*** Opening of Provided data ***

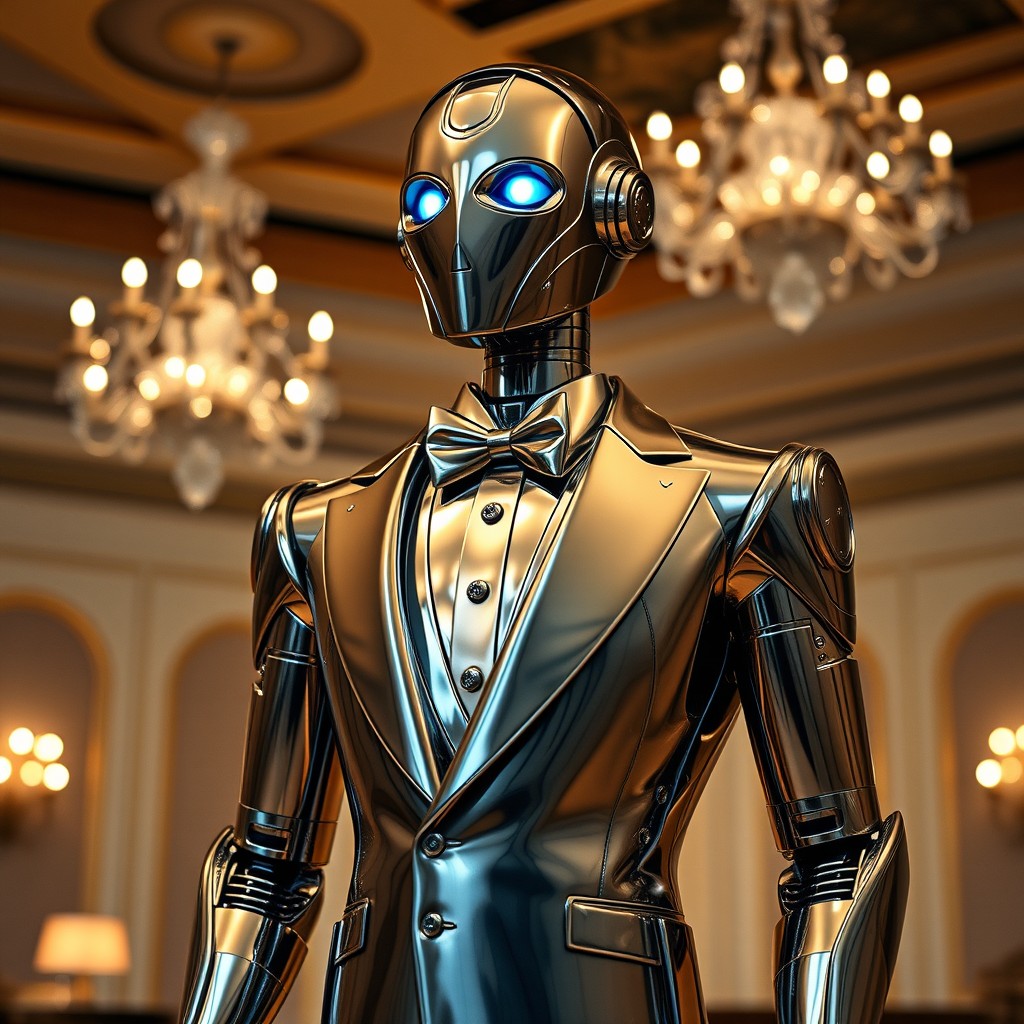 A sleek, futuristic robot designed with a suit and tie, reminiscent of a classic tuxedo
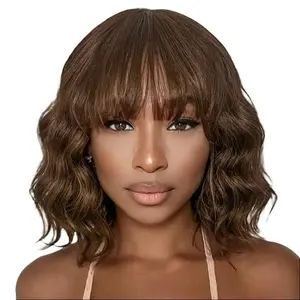 Beginner Friendly Brown Loose Wave Glueless Minimalist Lace Shoulder Length Wavy Bob Wig with Bangs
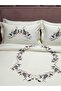 Cotton Satin Double Tulip Embroidered Cream Color Double Duvet Cover Set - 3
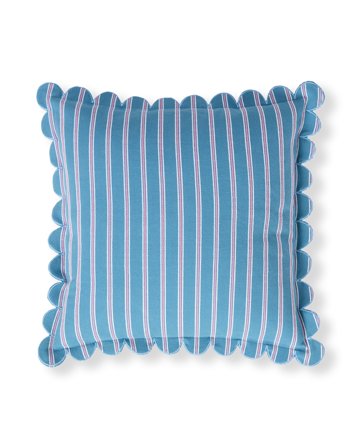 Lexington Gestreifter bio-baumwoll-kissenbezug mit muschelsaum, blau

*** Close of Provided data ***

— Problem requirements —
An exact copy of the listing is needed, minus its pictures.

— Answer section —
 A sleek, futuristic robot designed with a suit and tie, reminiscent of a classic tuxedo
 Beginner Friendly Brown Loose Wave Glueless Minimalist Lace Shoulder Length Wavy Bob Wig with Bangs
 Cotton Satin Double Tulip Embroidered Cream Color Double Duvet Cover Set - 3
 Lexington Gestreifter bio-baumwoll-kissenbezug mit muschelsaum, blau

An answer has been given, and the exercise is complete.